There were a lot of signs that this was coming. There was the skyrocketing popularity of HBO shows through online piracy, particularly "Game of Thrones." There was HBO's deal with Amazon Prime to offer a good chunk of their library titles, including "The Sopranos" and "The Wire." There were the rumblings that fellow premium stations Showtime and Starz were looking to launch their own standalone streaming services for their content. And perhaps most importantly, there was Netflix churning out new content to replace what the studios were no longer interested in providing to them, and doing a pretty good job of it. Or as Ted Sarandos put it, "The goal is to become HBO faster than HBO can become us." So logically, HBO had to make this move eventually.

After all efforts by the old guard to keep subscription streaming services and on demand binge-watching from becoming the new normal, it's become clear that the war has been lost. Netflix and Amazon Prime are here to stay with growing legions of subscribers, and the cord-cutting shows no signs of slowing down. So if you can't beat 'em, join 'em. HBO has enough content and enough clout that it can make waves with its own streaming service, though I don't think that it's going to be a real competitor to Netflix the way some are predicting. "Game of Thrones" aside, HBO is still after a more niche, elite audience, reflected by the announcement that it's going to be charging at least twice the going rate of other streaming services. The one that's really getting screwed here is Amazon, which is losing the exclusivity to all that HBO content that it licensed only a few months ago.

But as juicy as the HBO Go announcement is, the arrival of CBS All Access, which offers on demand CBS content and streams of live programming from several affiliates for $6 a month, is potentially even more of a game changer. The decades of classic shows it will offer is nothing to sneeze at. However, what's really intriguing is that it's offering live programming online, the kind of service that Aereo was trying to provide before the Supreme Court quashed it. None of the other major networks have tried this yet. Fox, NBC, and ABC owned Hulu, for instance, offers no local news or sports.

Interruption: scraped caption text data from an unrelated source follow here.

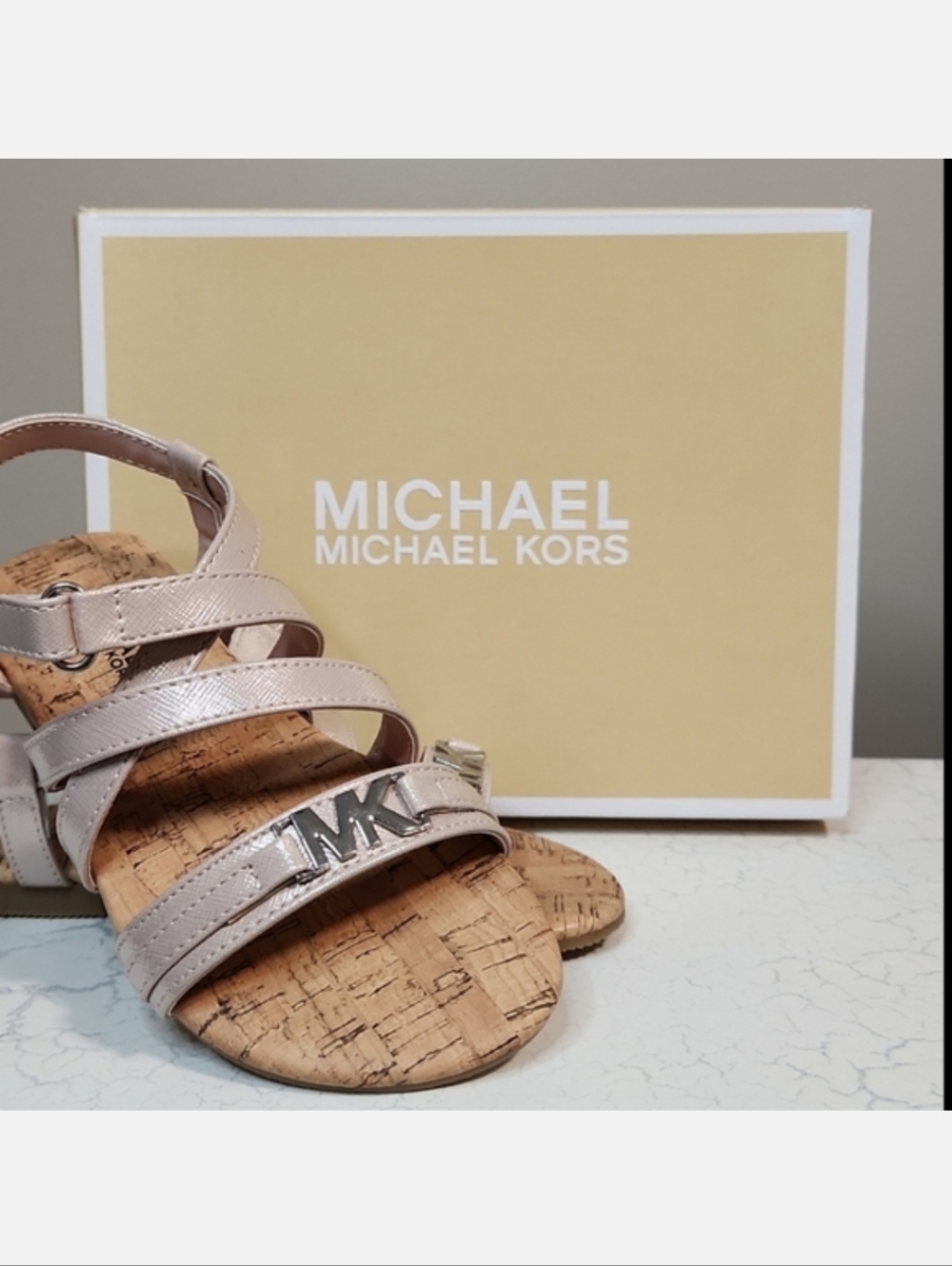 MICHAEL Michael Kors Girls' Youth Pink Sandals, Size 11 🆕️
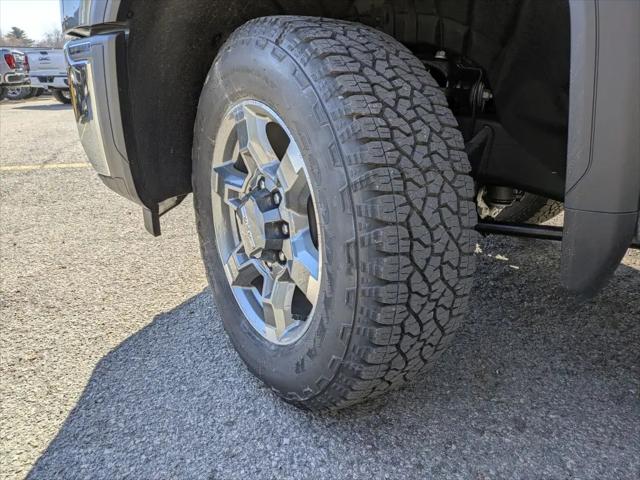 2026 GMC Sierra 2500HD Crew Cab, Standard Bed, SLT, 4WD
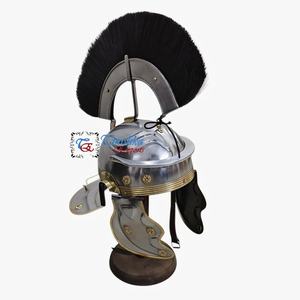 Casco Romano de Centurión Medieval de Metal de Latón Antiguo con Pluma Negra, Diseño para Halloween, Acabado Pulido Galvanizado Hecho a Mano - Product Image 6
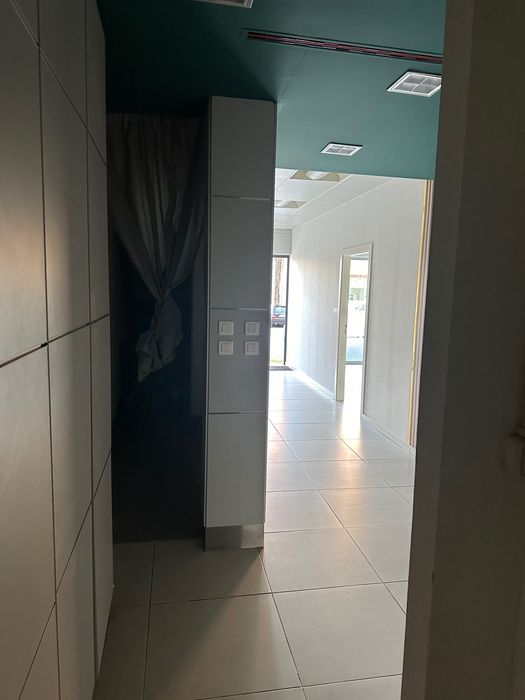 Espaço comercial / Escritório / Loja em Vila Meã, Amarante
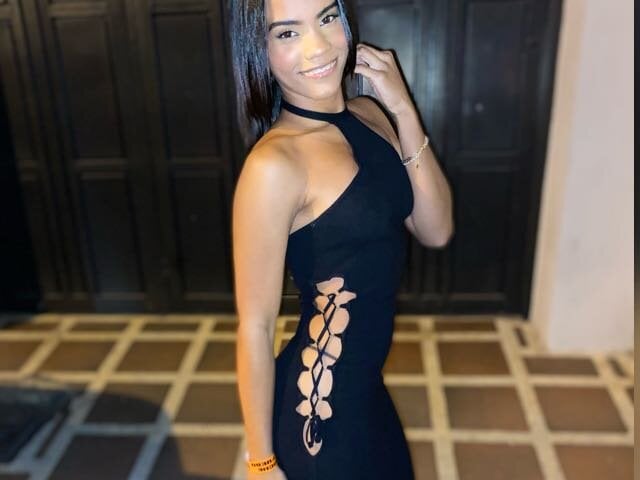 Ashley_thomas18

The live streams would fill those last few gaps in programming, creating access to shows that cord-cutters currently do not have access to without the traditional media mechanisms. Now that it's been proven that there is demand for the streaming of live broadcasts, CBS's movie isn't all that surprising either.

Other streaming services are in the works that are sure to be following soon. Sony is hot to start one with Viacom content. DirecTV and Verizon have publicly made comments about their interest, and there are rumblings that one or more of the other major television networks might follow in CBS's footsteps. Cable and regular over-the-airwaves television aren't going to be impacted immediately, because traditional viewing audiences are slow to change entrenched habits and there are many places where the high speed internet required to use these services isn't readily available. I expect that the old media guard will be substantial players for decades to come. However, as streaming options increase, on-demand programming now has more potential than ever to match or overtake traditional television offerings.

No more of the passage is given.